Patrick Cockburn reports from Baghdad that Mahmud Osman, a Kurdish MP, maintains that an attack on Iran by Israel or the US would plunge Iraq back into war. Cockburn points to two terrorist groups based in Iraq that the US Pentagon appears to be deploying against Iran. They are the Mojahedin-e Khalq Organization (MEK or MKO) and the PEJAK or Iranian branch of the Kurdish Workers Party. The Iraqi parliament has discussed expelling the MEK.
Gunmen on motorcycles shot down Sheikh Salim al-Darraji of the Islamic Supreme Council of Iraq (ISCI) in the al-Hayaniya slum of Basra on Friday. The district is a stronghold of the Sadr Movement and had been attacked by the Iraqi Army, helped by the Badr Corps paramilitary of ISCI, in late March. The Mahdi Army militia of the Sadr Movement has gone underground under pressure from conventional forces, but is not so far underground that they will put up with ISCI officials operating openly in their territory.
The Iraqi government has decided one of the contentious issues that was holding up the provincial elections law. It has forbidden political campaigns from using photos of non-candidates in their literature and posters. This move will prevent the Sadr Movement from showing pictures of the father of Muqtada al-Sadr, who founded the movement. But it will also prevent ISCI from using pictures of Grand Ayatollah Ali Sistani, who is popular and has great moral authority in the Shiite south. Campaigning in mosques will also be forbidden. For the first time in a major election, Iraqis will vote under an open list system, so that they can vote for individual candidates rather than just a party list.

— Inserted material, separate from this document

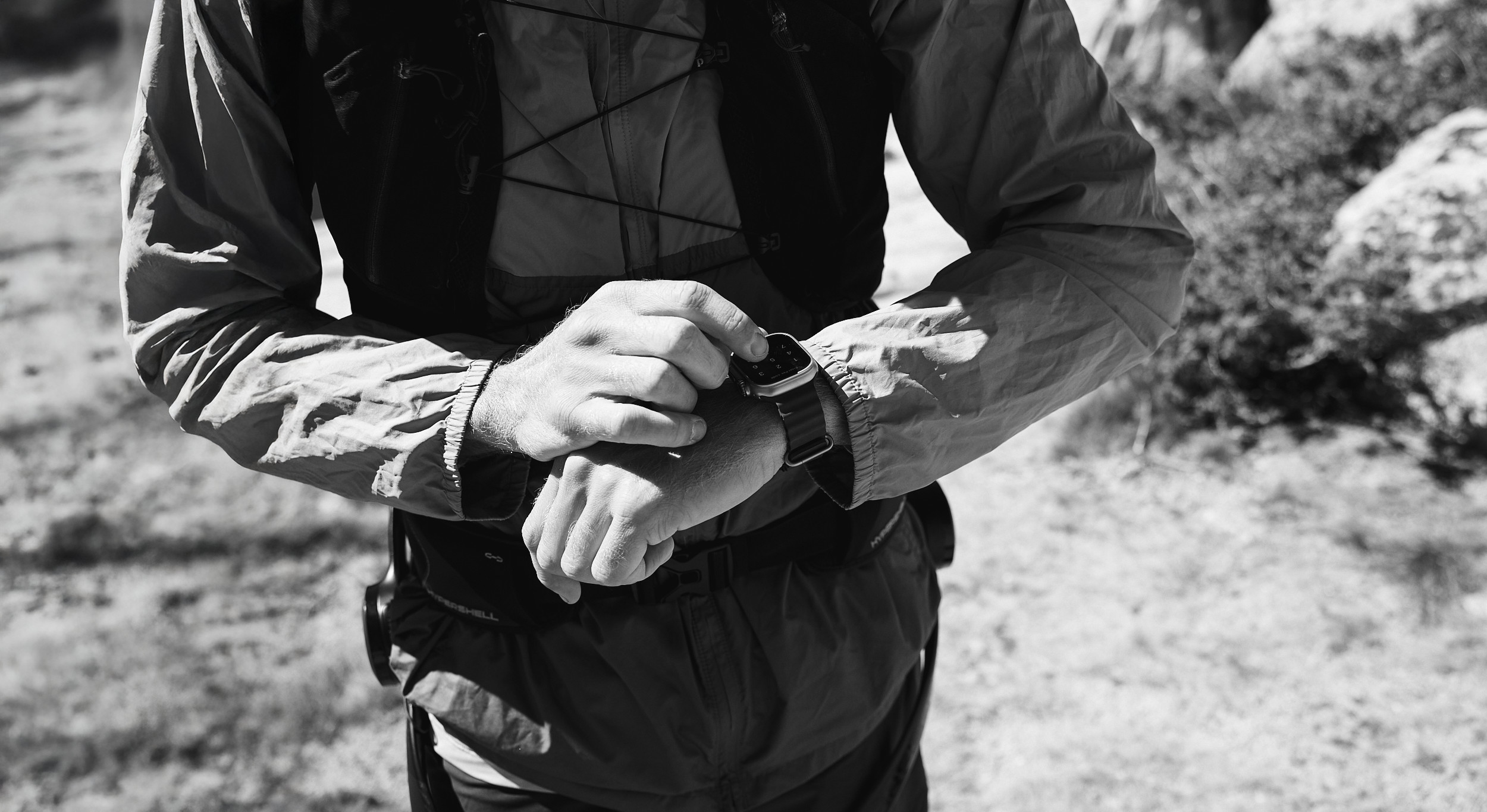 The Hypershell X Ultra Exoskeleton is compatible with the Apple Watch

The Syrian military maintains that it is doing its best to keep radical Muslim vigilantes from going off to fight in Iraq through Syrian territory. Syria also charges that the US has been routinely invading its air space.
This NYT article argues that despair (a killed husband or son) often is what drives women to become suicide bombers in Iraq. Oh, I think they think they are fighting the foreign military occupation of their country and its collaborators, just as the men do who undertake this sort of attack.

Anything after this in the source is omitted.